ARTHOUSE Meath is a not-for-profit business celebrating the work of people with complex epilepsy and learning disabilities, all of whom need different levels of support. Artists work alongside instructors to create unique commercial products which are then sold in shops such as Fair Trader. Each artist brings a different skill to the enterprise and every contribution is highly valued. Their artwork is used to create homewares, soaps, bags, brooches and more. Artwork is printed onto natural and organic materials, keeping the environment in mind.
Amy Sherrat, one of the artists from ARTHOUSE Meath, had a stroke at 10 months old which caused her to lose all movement from her left side and brought on epilepsy when she was 10. She has to take 62 tablets a day. She says, “I’m 25 and have a real passion for creating anything that involves making artwork. Whenever I have these ideas I’ll always have a go at creating them. I love making (not buying!) and doing things in my own creative way.”
Lyn Belcher, another artist, has suffered with MS for 16 years. This means that she can’t walk far, forgets things and suffers from fatigue and numbness. She says, “I started working at ARTHOUSE about six years ago as both an artist and a volunteer. Before I had ARTHOUSE I was stuck at home as a mum and wife. A social worker asked what my interests were and I said art and that’s how it all started. It’s the best thing I have ever done! It’s like having another family here and it’s worth getting up in the morning for.”

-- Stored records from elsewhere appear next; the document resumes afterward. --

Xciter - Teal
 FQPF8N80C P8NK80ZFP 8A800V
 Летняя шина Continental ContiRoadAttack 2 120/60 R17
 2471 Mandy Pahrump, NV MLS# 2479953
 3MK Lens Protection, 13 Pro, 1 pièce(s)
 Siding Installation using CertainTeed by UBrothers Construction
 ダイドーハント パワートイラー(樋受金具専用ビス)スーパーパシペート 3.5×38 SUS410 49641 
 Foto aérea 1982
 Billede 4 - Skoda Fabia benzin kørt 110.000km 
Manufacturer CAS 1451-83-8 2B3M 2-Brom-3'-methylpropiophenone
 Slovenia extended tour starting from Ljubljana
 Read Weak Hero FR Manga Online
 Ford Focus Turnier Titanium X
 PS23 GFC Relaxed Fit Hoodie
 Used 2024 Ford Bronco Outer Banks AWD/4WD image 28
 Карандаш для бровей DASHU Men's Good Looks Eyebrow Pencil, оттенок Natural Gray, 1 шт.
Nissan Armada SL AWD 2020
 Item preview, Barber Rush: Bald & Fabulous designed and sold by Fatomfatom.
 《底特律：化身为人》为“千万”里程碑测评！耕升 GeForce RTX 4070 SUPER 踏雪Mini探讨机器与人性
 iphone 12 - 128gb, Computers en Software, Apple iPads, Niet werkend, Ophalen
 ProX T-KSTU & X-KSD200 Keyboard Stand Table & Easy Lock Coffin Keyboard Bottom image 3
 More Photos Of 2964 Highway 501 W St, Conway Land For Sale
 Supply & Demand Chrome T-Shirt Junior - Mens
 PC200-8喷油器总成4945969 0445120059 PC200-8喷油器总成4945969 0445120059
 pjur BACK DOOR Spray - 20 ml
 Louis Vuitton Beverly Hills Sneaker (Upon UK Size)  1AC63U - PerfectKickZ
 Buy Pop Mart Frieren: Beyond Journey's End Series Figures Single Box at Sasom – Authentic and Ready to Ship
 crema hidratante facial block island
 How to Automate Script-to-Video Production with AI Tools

Offering a sense of purpose lies at the heart of ARTHOUSE Meath’s philosophy, in line with their belief that feeling truly respected improves health and wellbeing. Their aim is to challenge perceptions of people’s disabilities and to create better acceptance and inclusion for the disabled.
They hope to offer more opportunities to people in other towns across the UK. 100% of sales revenue sustains the enterprise, enabling it to expand and evolve.